*** DATA
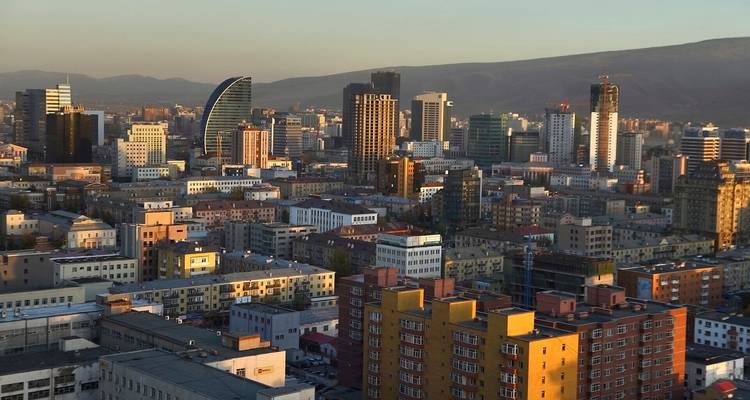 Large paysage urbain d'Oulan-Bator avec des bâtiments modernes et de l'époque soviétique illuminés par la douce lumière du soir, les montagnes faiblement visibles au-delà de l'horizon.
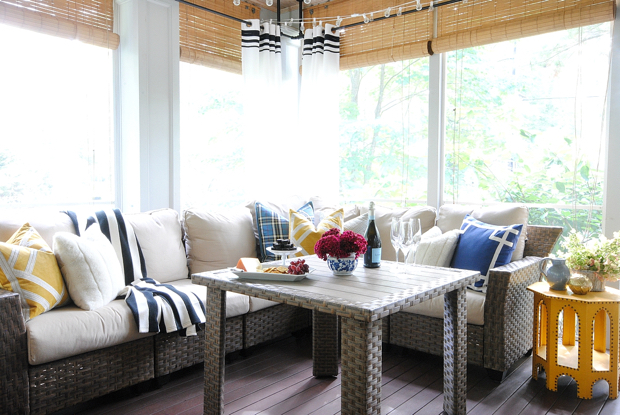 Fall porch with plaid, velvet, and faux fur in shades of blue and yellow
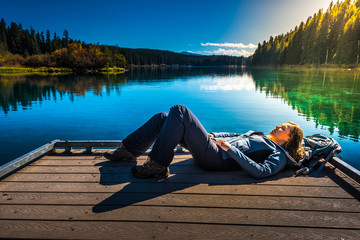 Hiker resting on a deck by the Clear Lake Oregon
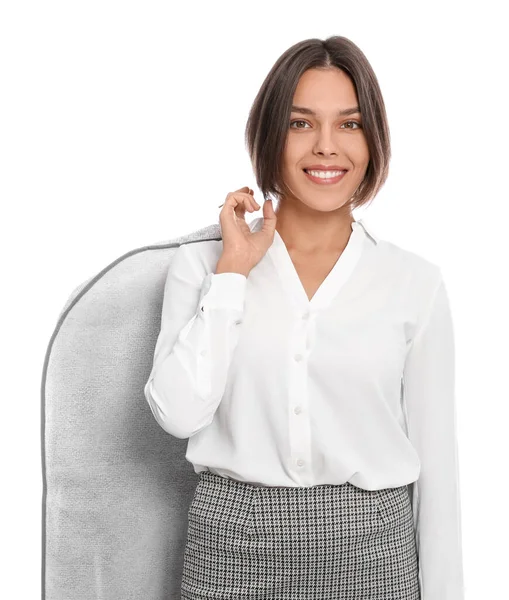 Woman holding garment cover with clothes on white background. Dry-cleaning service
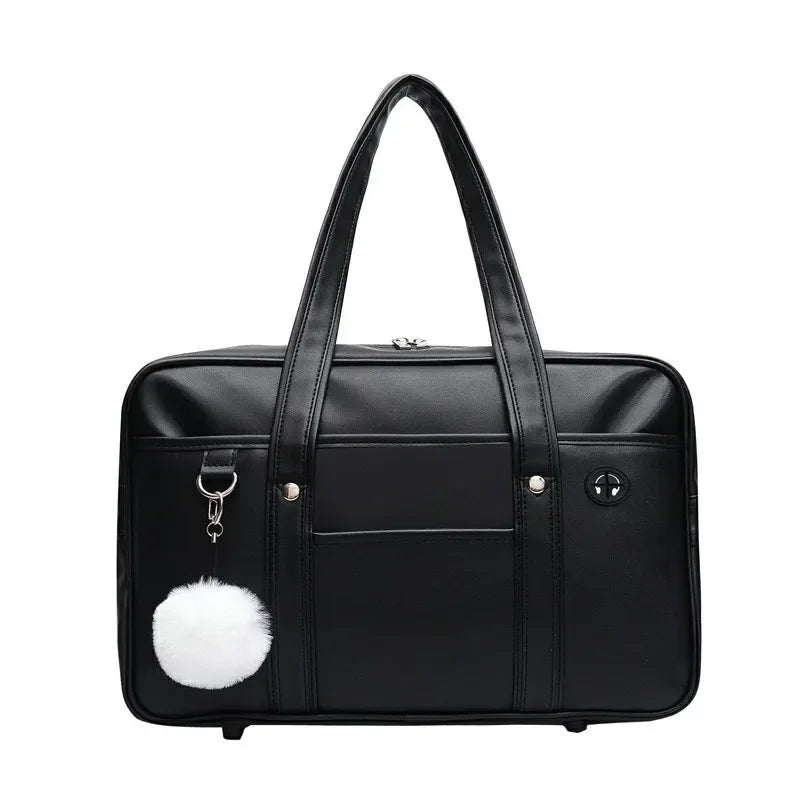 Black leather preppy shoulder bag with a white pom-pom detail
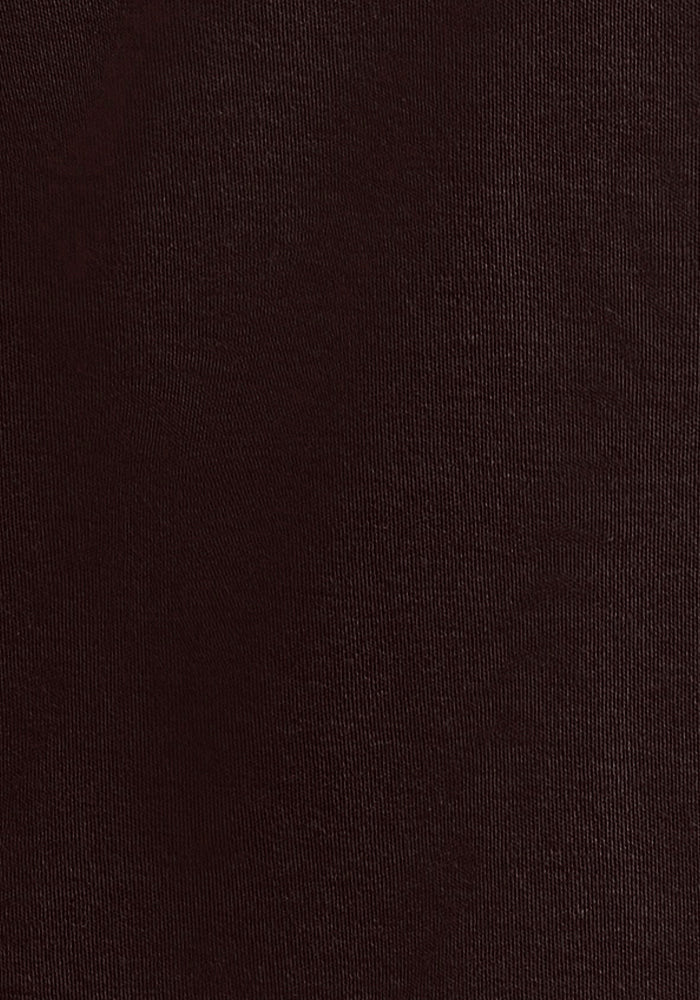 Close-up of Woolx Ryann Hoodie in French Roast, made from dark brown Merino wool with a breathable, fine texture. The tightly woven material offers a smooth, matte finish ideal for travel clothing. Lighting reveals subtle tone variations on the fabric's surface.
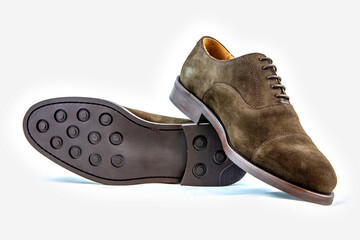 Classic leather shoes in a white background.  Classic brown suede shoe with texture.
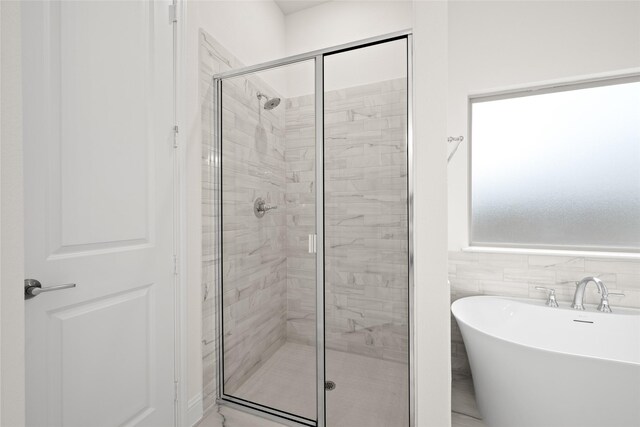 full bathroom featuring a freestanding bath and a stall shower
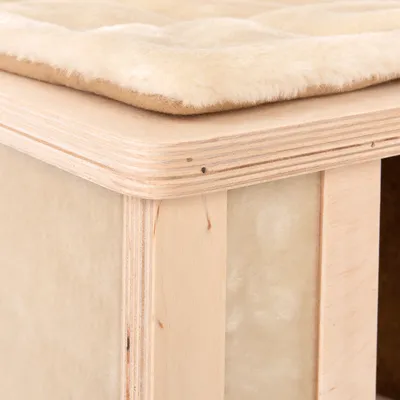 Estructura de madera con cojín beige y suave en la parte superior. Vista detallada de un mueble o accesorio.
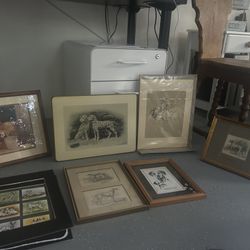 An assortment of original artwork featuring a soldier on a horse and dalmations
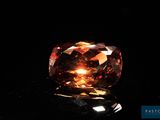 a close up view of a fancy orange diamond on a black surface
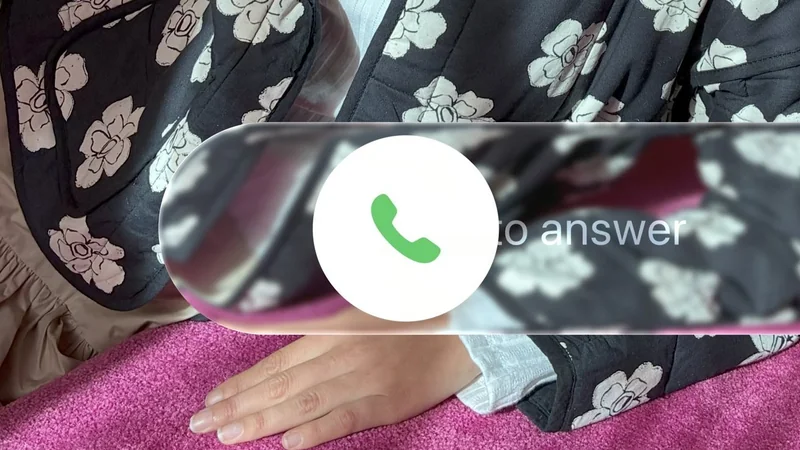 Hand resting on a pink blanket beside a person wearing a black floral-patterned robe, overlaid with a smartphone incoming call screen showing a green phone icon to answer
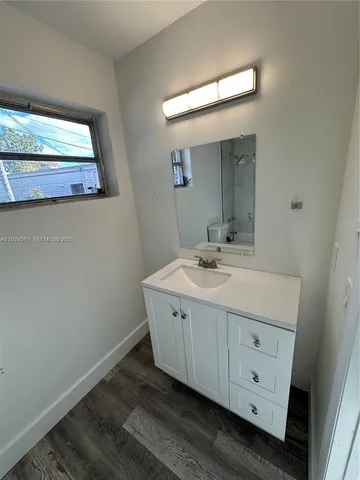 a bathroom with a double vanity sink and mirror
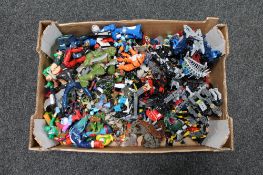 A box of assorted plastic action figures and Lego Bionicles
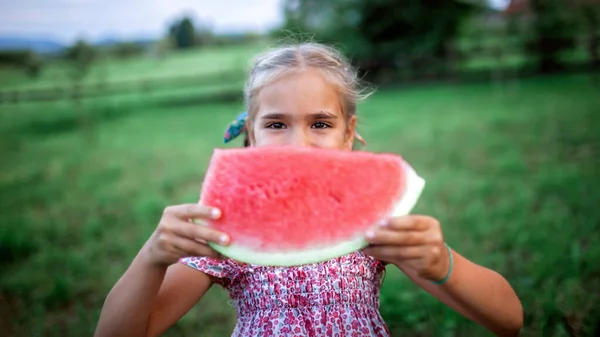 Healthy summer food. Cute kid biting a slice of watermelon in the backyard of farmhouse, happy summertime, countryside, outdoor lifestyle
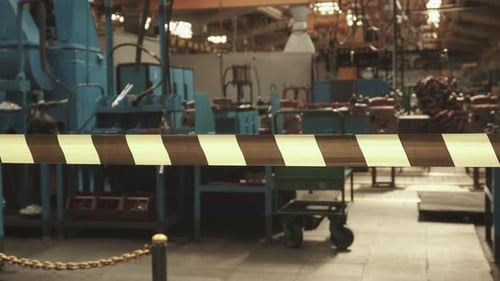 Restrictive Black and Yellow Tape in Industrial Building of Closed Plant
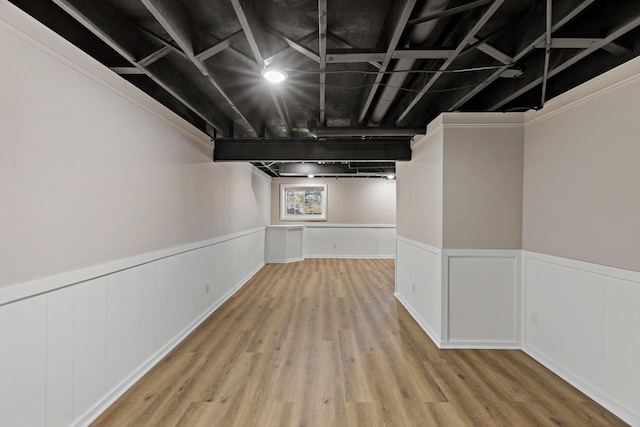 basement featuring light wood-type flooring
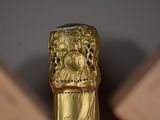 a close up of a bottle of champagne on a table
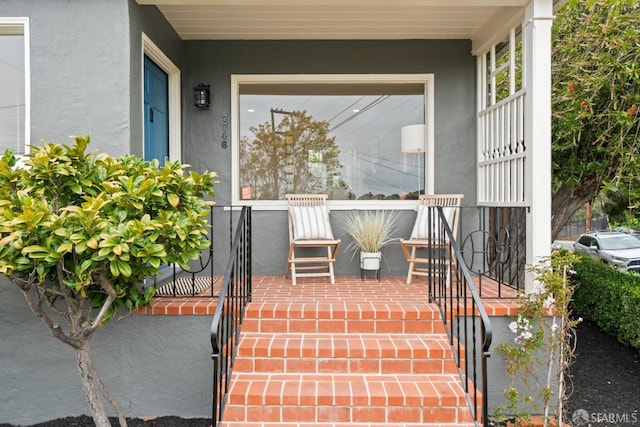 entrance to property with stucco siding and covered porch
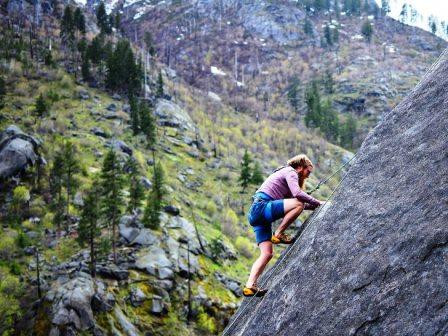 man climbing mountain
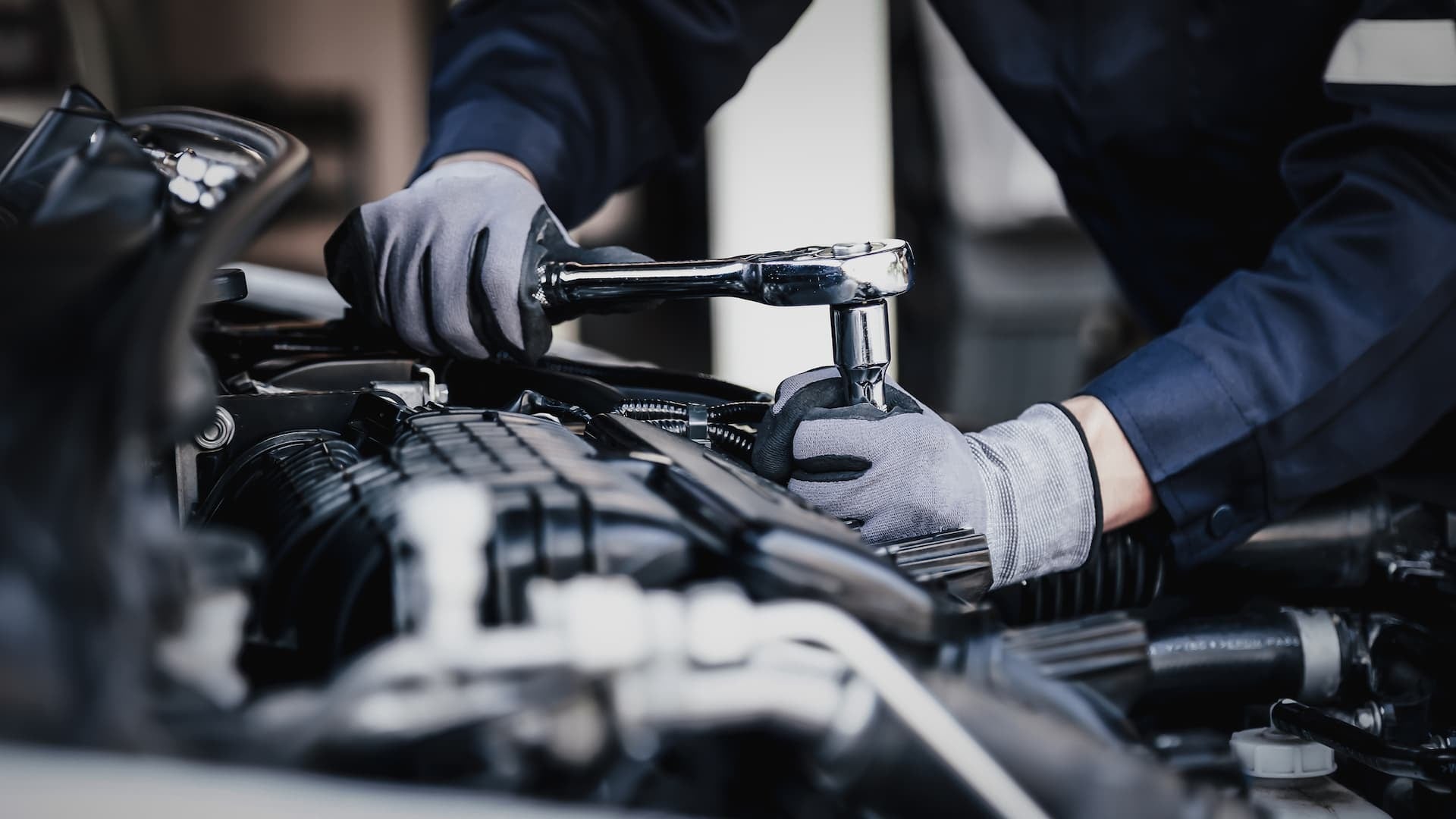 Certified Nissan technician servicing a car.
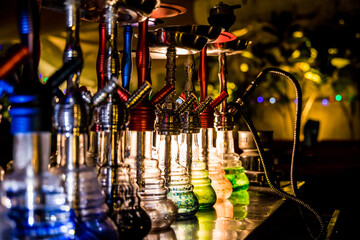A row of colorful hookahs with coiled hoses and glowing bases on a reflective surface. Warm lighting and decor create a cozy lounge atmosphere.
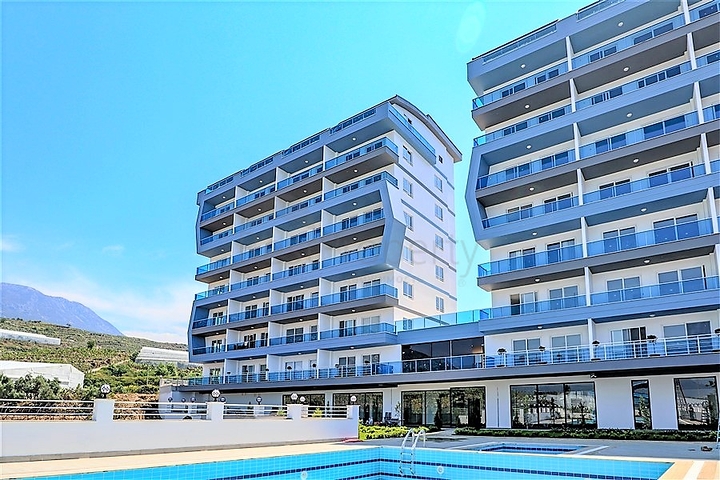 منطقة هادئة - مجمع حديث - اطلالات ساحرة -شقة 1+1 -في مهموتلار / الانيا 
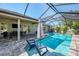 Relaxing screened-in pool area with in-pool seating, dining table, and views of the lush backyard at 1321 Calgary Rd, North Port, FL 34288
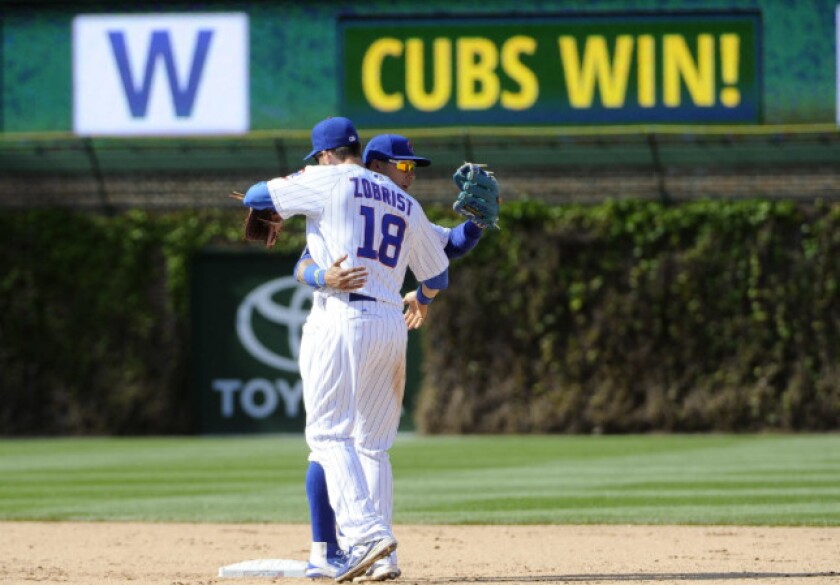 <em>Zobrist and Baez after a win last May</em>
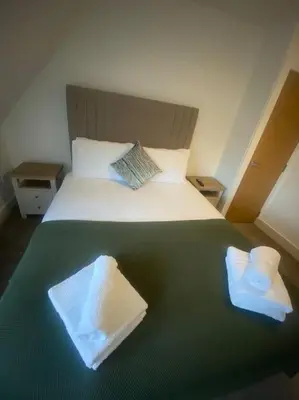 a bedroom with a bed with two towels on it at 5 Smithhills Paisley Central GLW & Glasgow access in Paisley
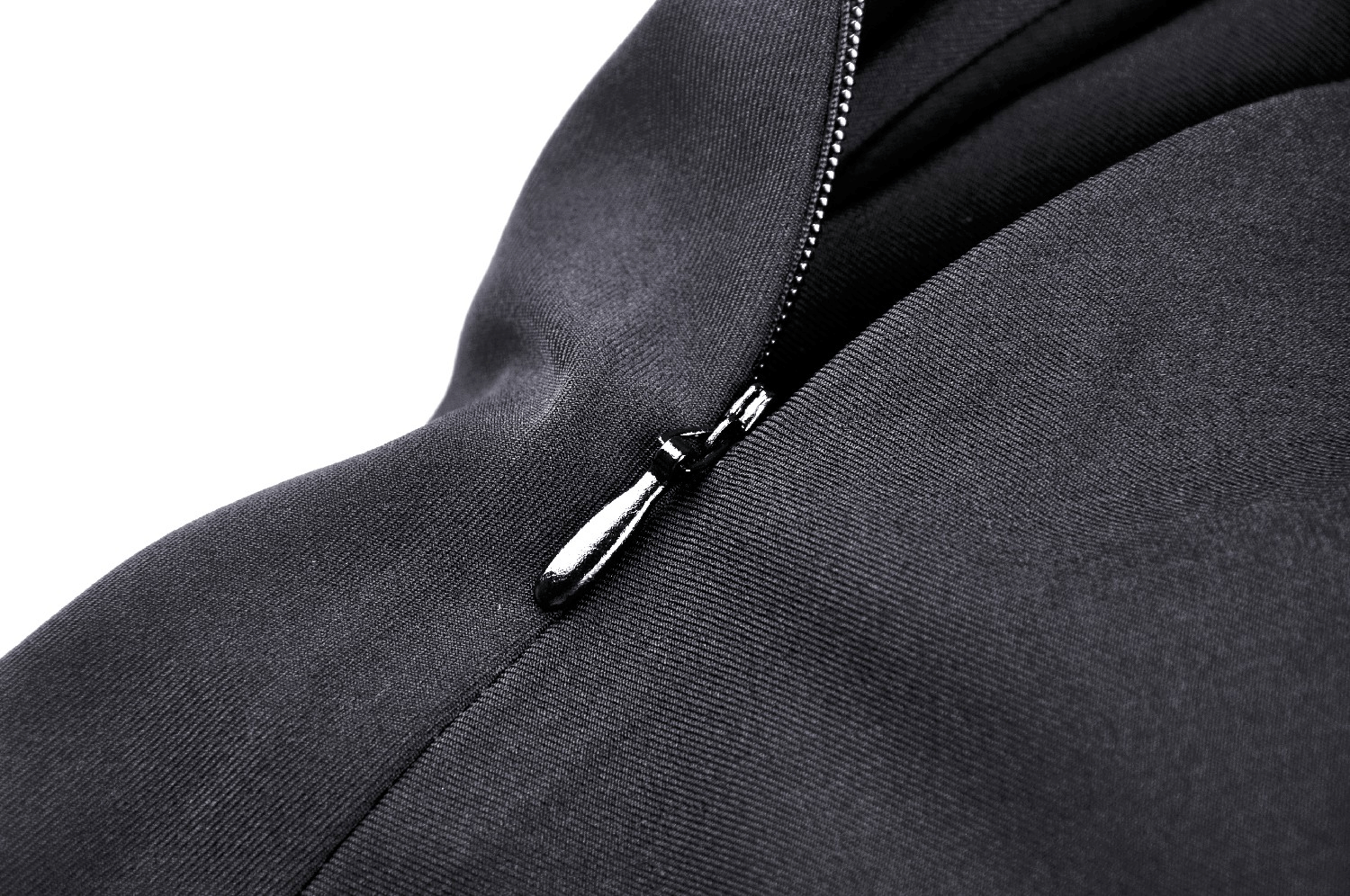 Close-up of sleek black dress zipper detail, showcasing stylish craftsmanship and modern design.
******
**WORK REQUIRED**
Would you output the lines above from the line holding "full bathroom featuring" up to and including the line holding "A row of colorful", exactly and only those, with no pictures?

**ANSWER BOX**
 full bathroom featuring a freestanding bath and a stall shower
 Estructura de madera con cojín beige y suave en la parte superior. Vista detallada de un mueble o accesorio.
 An assortment of original artwork featuring a soldier on a horse and dalmations
 a close up view of a fancy orange diamond on a black surface
 Hand resting on a pink blanket beside a person wearing a black floral-patterned robe, overlaid with a smartphone incoming call screen showing a green phone icon to answer
 a bathroom with a double vanity sink and mirror
 A box of assorted plastic action figures and Lego Bionicles
 Healthy summer food. Cute kid biting a slice of watermelon in the backyard of farmhouse, happy summertime, countryside, outdoor lifestyle
 Restrictive Black and Yellow Tape in Industrial Building of Closed Plant
 basement featuring light wood-type flooring
 a close up of a bottle of champagne on a table
 entrance to property with stucco siding and covered porch
 man climbing mountain
 Certified Nissan technician servicing a car.
A row of colorful hookahs with coiled hoses and glowing bases on a reflective surface. Warm lighting and decor create a cozy lounge atmosphere.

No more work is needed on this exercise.